Excerpted data:

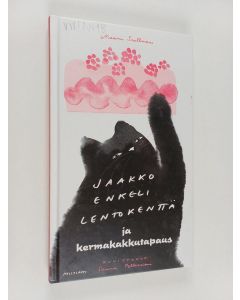 Kirjailijan Maami Snellman käytetty kirja Jaakko Enkeli Lentokenttä ja kermakakkutapaus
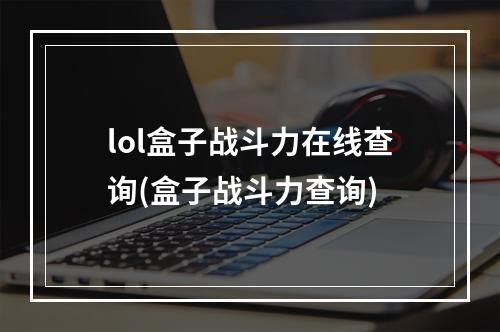 lol盒子战斗力在线查询(盒子战斗力查询)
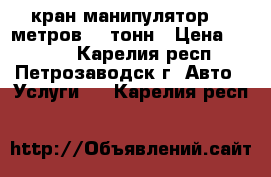 кран-манипулятор 16 метров,15 тонн › Цена ­ 1 300 - Карелия респ., Петрозаводск г. Авто » Услуги   . Карелия респ.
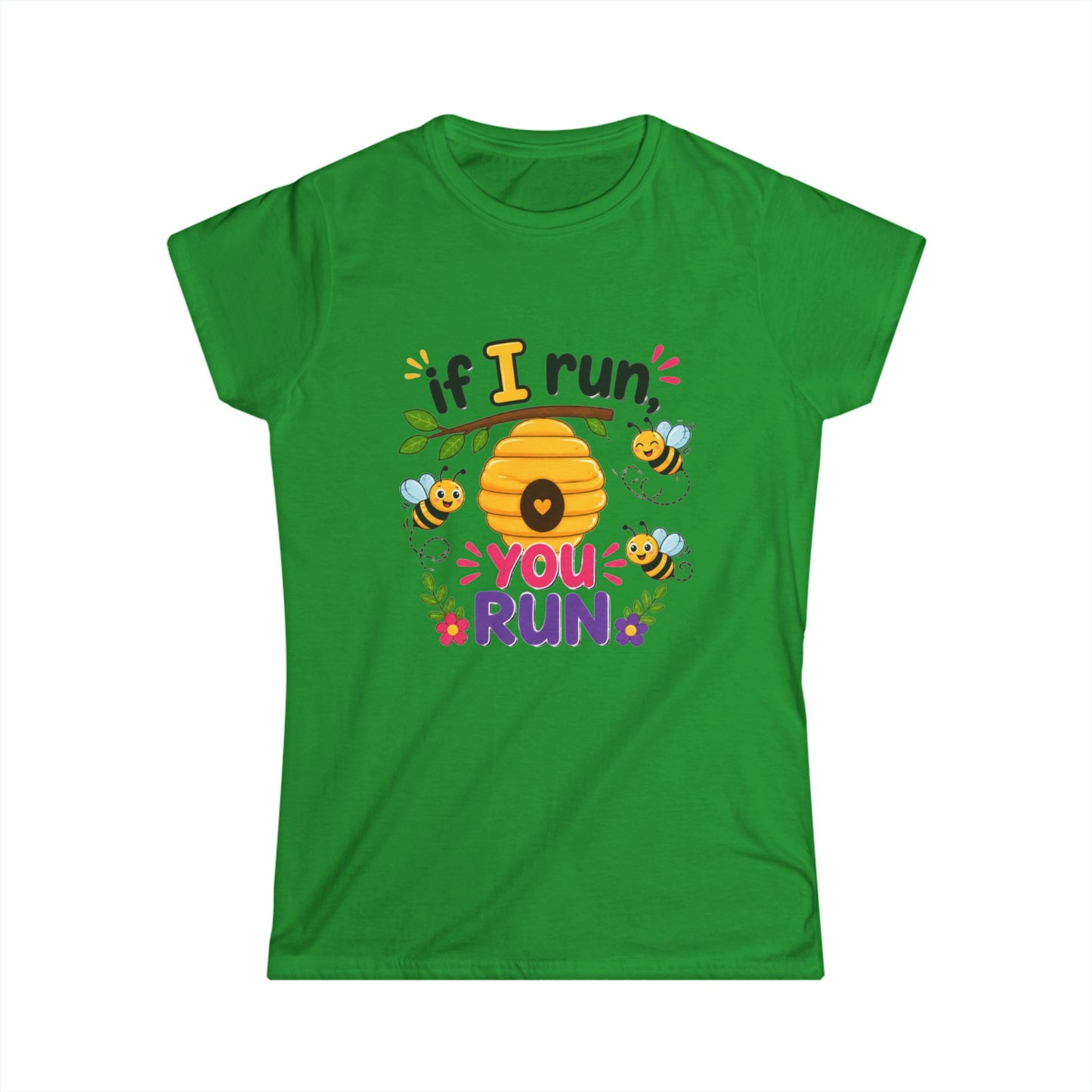 Beekeeper Women's "If I Run, you Run" Softstyle T-Shirt
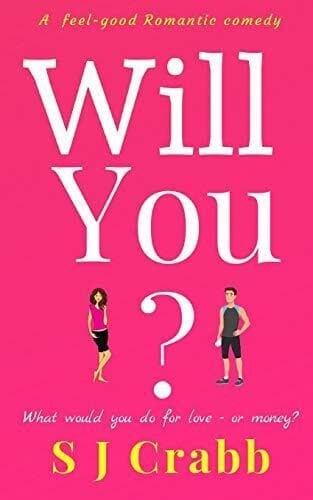 Will You?: A feel good romantic comedy, Crabb, S J Paperback Book Pre-Owned English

Work instruction: From the line that holds "кран-манипулятор 16 метров,15" to the last line of the data, return those lines exactly and nothing else; both ends count, and pictures stay out.

Solution:
 кран-манипулятор 16 метров,15 тонн › Цена ­ 1 300 - Карелия респ., Петрозаводск г. Авто » Услуги   . Карелия респ.
 Beekeeper Women's "If I Run, you Run" Softstyle T-Shirt
 Will You?: A feel good romantic comedy, Crabb, S J Paperback Book Pre-Owned English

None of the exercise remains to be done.